Fortunately, L&A weathered similar scenarios before, surviving 2015’s round of poultry-borne illness.

“2015 was the same. The prices weren’t as high, but we sold a lot then,” said Lau.

Even smaller, backyard operations are feeling the sting this winter. Adrian Brinkerhoff, founder of B’s Chicks and a former 4-H member, did not choose to raise chickens, instead, the chickens seemed to choose her.

Brinkerhoff and her boyfriend Kyle Beck inherited an abandoned chicken coop when they moved into their farmhouse east of Newman. To say Brinkerhoff was uninterested in utilizing their new facilities is an understatement.

“I laughed at him (Kyle) when he mentioned the idea,” said Brinkerhoff.

Before long, Brinkerhoff changed her mind, expanding her flock to 130 laying hens with more than 100 chicks who will be ready to lay later this year.

While there is no influenza among her roost, bitter cold weather and natural predators, like minks and owls, claimed nearly a third of her hens this winter — worth roughly $1,000. The loss gave her an up-close look at the steep production cost many other producers are currently facing.

“Younger chicks don’t start laying until they are between 14 and 22 weeks old,” Brinkerhoff explained. “Loss of production costs a lot.”

Brinkerhoff’s prices remain at their pre-epidemic state, but she certainly understands why others in the market are charging more.

“If we can’t afford to rebuild (our flocks), people can’t get their eggs,” Brinkerhoff said.

Brinkerhoff hopes consumers will be understanding while producers work to pick up the pieces.

“Please be patient with us,” pleaded Brinkerhoff. “Prices aren’t why I do it.”

Given the current state of the egg market, some consumers might be tempted to take matters into their own hands and start their own coop. Brinkerhoff advises against a knee-jerk response.

“Don’t do it to save. It’s expensive, and between time and effort, it gets really expensive,” said Brinkerhoff, adding, “It’s not for the faint of heart.”

According to Brinkerhoff, building appropriately sized facilities for hens takes a sizable investment. Additionally, prices for chick feed increased.

Lau echoed Brinkerhoff’s sentiments.

“Only start hens if you really like chickens or want a hobby,” Lau advised.

The veteran producer warned people who want to avoid grocery store prices, or entrepreneurs looking to cash in on the high demand for eggs, will eventually wake up to the costs of operating their own coop.

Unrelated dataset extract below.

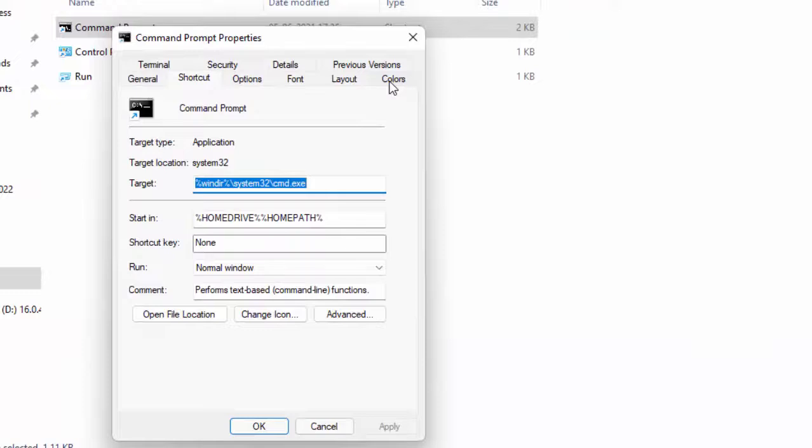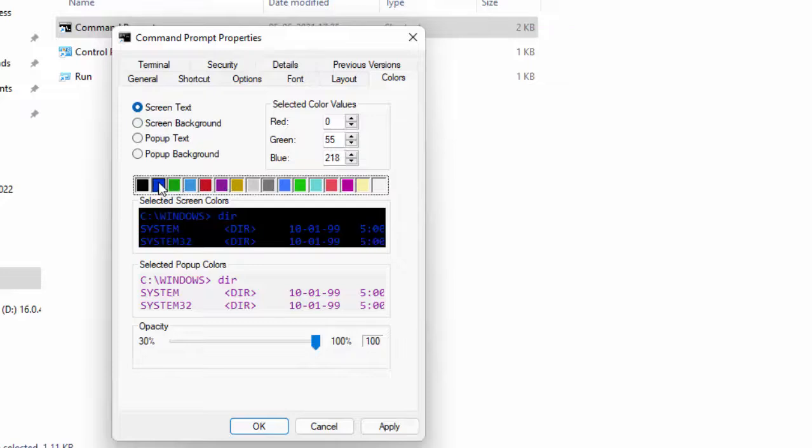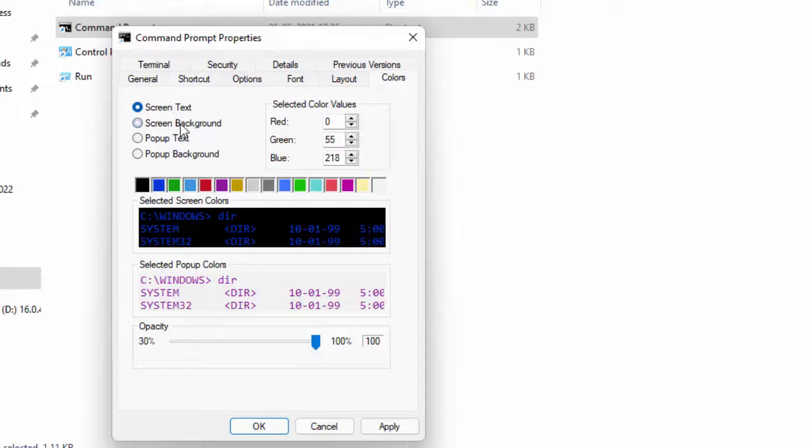Now select the Colors tab. So first, if you want to change your text color, select Screen Text and select the color like this. And if you want to change your background color, select Screen Background and select the color.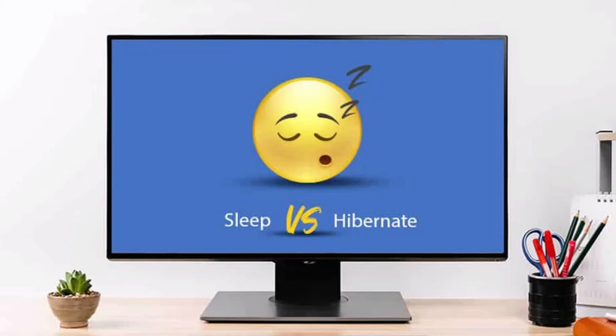At best, you've lost the document you were working on or have to start over from the last save. At worst, the machine might not turn back on at all, and you may end up with a hardware problem requiring a computer professional. In closing, if you're going to be away from the computer for a while, I would not recommend sleep or hibernation mode — and not just for energy savings. Looking around your room, you probably have one or two light bulbs that stay on 24 hours a day without a second thought.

Although the egg market is anything but sunny side up right now, Brinkerhoff and Lau both agree better days are on the horizon.

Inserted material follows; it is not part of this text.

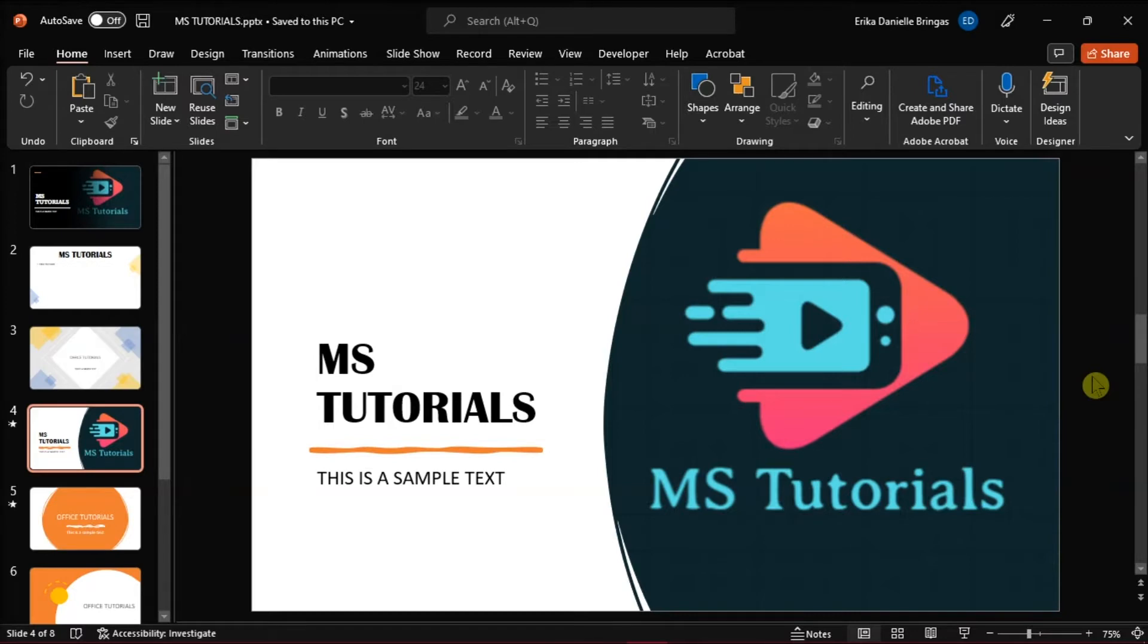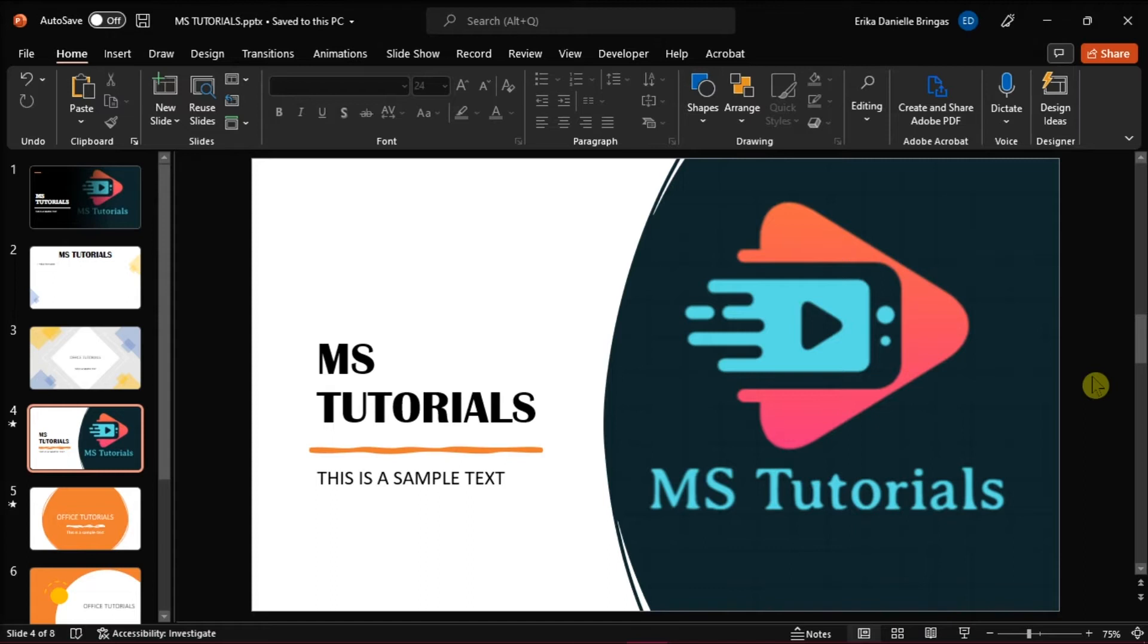But if you're going to print your PowerPoint slides into handouts and you may want to hide the slide numbers, here's a method that you can try. Launch first Microsoft PowerPoint on your desktop and open the presentation you're currently working on.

“There will be some kind of correction,” said Lau.

Once producers can replenish their flocks of laying hens, a five to six month process according to Lau, consumers can expect to see prices begin to balance out. While the price of eggs may not dip back to their previous levels due to inflation and higher feed prices, demand will sharply decrease once numbers return to where they once were.

Brinkerhoff echoed Lau’s cautious optimism.

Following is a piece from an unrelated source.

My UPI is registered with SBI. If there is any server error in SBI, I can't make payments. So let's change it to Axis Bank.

“In 2015, things leveled out,” Brinkerhoff said.

Despite the increase in price, Brinkerhoff still believes consumers are getting a good deal when they purchase a carton of eggs.

“They’re still really competitive, and they’re a great source of protein and nutrients,” she explained.

Lau praised their longevity and shelf life, claiming eggs are good for up to a month, so purchasing in bulk and conserving stock might be a good way to ride out the current market.

For now, America’s favorite gooey breakfast protein will remain a luxury item on grocery store shelves, but producers and consumers alike can hold out hope for a more stable market in the months to come.